Nice, 08/12/2000 (Agence Europe) - Le Conseil européen de Nice a inclus, dans ses Conclusions sur tous les thèmes discutés à l'exception de la réforme institutionnelle, un passage sur la politique européenne commune de sécurité et défense (Pesd) qui se limite à deux paragraphes, et qui est donc nettement plus court que le projet présenté au départ par la présidence (presque deux pages).
Le ministre français aux affaires européennes, Pierre Moscovici, a expliqué vendredi à la presse que les chefs d'Etat et de gouvernement avaient choisi une « option extrêmement simple, simplifiée à l'extrême », en décidant de reprendre le rapport sur la Pesd adopté par le Conseil Affaires générales « plutôt que de le commenter ». La reprise intégrale de ce rapport confirme toutes les avancées réalisées dans ce domaine depuis le sommet (franco-britannique) de Saint-Malo, a affirmé M. Moscovici, qui a ajouté: nous avons simplifié ces conclusions notamment à la demande du premier ministre britannique, car le texte initial « délayait un peu le rapport du Conseil Affaires générales sans y apporter des éléments nouveaux, et était plutôt une source de controverses ». La délégation britannique était « assez demandeuse » à ce sujet, et nous avons préféré en tenir compte, car c'était « plus commode que de faire un travail d'amendement » à ce texte, et parce que cela nous évite des « querelles sémantiques parfois contre-productives ».
Le texte tel qu'il reste (et que nous publierons intégralement avec les Conclusions du sommet) se borne pratiquement à indiquer que l'objectif est que l'UE soit rapidement opérationnelle dans ce domaine, et qu'une décision à cet effet sera prise par le Conseil européen le plus tôt possible au cours de l'année 2001 et, au plus tard, au Conseil européen de Laeken (en décembre, sous présidence belge). La Présidence suédoise présentera un rapport sur ces questions au sommet de Göteborg en juin 2001.
Parmi les passages effacés du texte initial, un affirmait que l'Union européenne disposera d'une « capacité autonome » de prendre des décisions et de lancer et conduire des opérations de gestion de crise là où l'Otan n'est pas engagée en tant que telle, et un autre indiquait que des mécanismes de décision efficaces permettront à l'UE de gérer, sous l'autorité du Conseil, des crises internationales, « par essences globales ». Le projet de texte affirmait que deux critères fondamentaux guidaient l'UE dans cette entreprise, « crédibilité et autonomie de décision ». D'autres points insistaient en revanche sur l'ouverture de la démarche de l'Union européenne à l'égard des pays candidats et des alliés européens de l'Otan non membres de l'UE, qui seraient consultés et associés de la manière la plus large possible aux actions entreprises par l'Union, et sur la relation « étroite et confiante » que l'UE veut développer avec l'Alliance atlantique, qui « reste le fondement de la défense collective de ses membres ».

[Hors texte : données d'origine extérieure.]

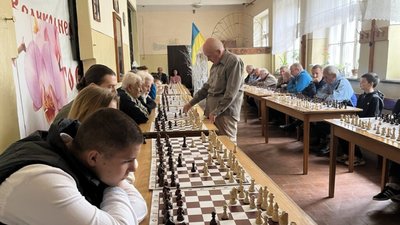 У Дрогобичі провели масовий сеанс одночасної гри в шахи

Lors de sa conférence de presse de vendredi après-midi, à la question de savoir s'il était « à 100% content » des conclusions du Sommet en ce qui concerne l'Europe de la défense, même si la référence à l'"autonomie" de l'UE n'y figure plus, Jacques Chirac a dit: « Oui », en particulier parce que c'était « un tour de force » que d'être parvenus à un tel résultat, si l'on se souvient que la France, il y a deux ans, était « tout à fait isolée » sur ces questions. Depuis, « nous nous sommes entendus avec nos amis britanniques, il y a eu Saint-Malo, et ces développements se font « en parfaite harmonie avec l'Alliance atlantique », a affirmé le président de la République française. L'Otan demeure le fondement de la défense collective des alliés, et l'identité européenne de défense est « un complément » pour l'Alliance, et « ne l'affaiblit pas », a répété Jacques Chirac. L'essentiel, a-t-il dit, c'est que l'Union européenne soit « capable de gérer des crises lorsque ses propres intérêts sont en jeu », et pour le faire, elle doit disposer de capacités opérationnelles, civiles et militaires.